I proceeded to test the procedure by placing the small test VDI file on an ext4 drive, searching for the data by reading the drive byte by byte, and copying only a small amount of data (~1mb) past the point where the magic string was found. The test was successful, though I still doubted I'd be able to recover a usable VDI file.

After a bit of modification to the script posted above (http://wiki.yak.net/592), I was able to successfully pick up around 10 VDI files off my dead drive (arbitrarily sized to 4GB past the magic string). After a bit of searching through these recovered VDI files, I found the exact file I was looking for. Unfortunately, my suspicions were confirmed when GRUB was found, but damaged beyond repair.

At this point, after a bit more research (http://www.linux.com/community/blogs/howto-read-a-virtualbox-vm-disk-wout-starting-the-vm.html), I began to realize that all a VDI file did was encapsulate the virtualized file system within VirtualBox metadata.

From here, I scrapped the whole idea of recovering the VDI and went directly for the plain text data off the drive itself.

To search through the drive, I ran the command:

$ grep -ab "php" /dev/sda4 > grepped

As I knew I was searching for plain text files that began with "php"--the search worked flawlessly.
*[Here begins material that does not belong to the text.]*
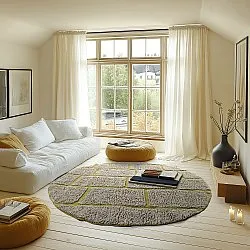 Round rug - Lindley Natural Cotton Shaggy (greige/green)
The "-b" option on grep, also records the decimal memory address where each instance of the string was found.

When the search completed, I had a list of the location of every instance of the "php" tag on the drive. This was a massive amount of data to sift through, but I managed to find the location (or at least get close to the location) of the important data I needed, by refining the search with the code's filename; for example:

Hex editor filename search

Basically, we can see that a reference to the filename MY_Controller.php & a memory address of 391021232450 (decimal). After heading over to the offset through wxHexEditor, I can see quite clearly that my PHP code is in fact intact:

Intact PHP code

And it's complete with formatting & indentation :). From here, I've simply copied & pasted out each file as I found them, though some were not quite as straightforward.

It'll take a lot of hard work & determination to get your files back, so you need to decide whether it's worth it.

Also try out PhotoRec & foremost if you need to recover stuff that isn't plain text.

CJ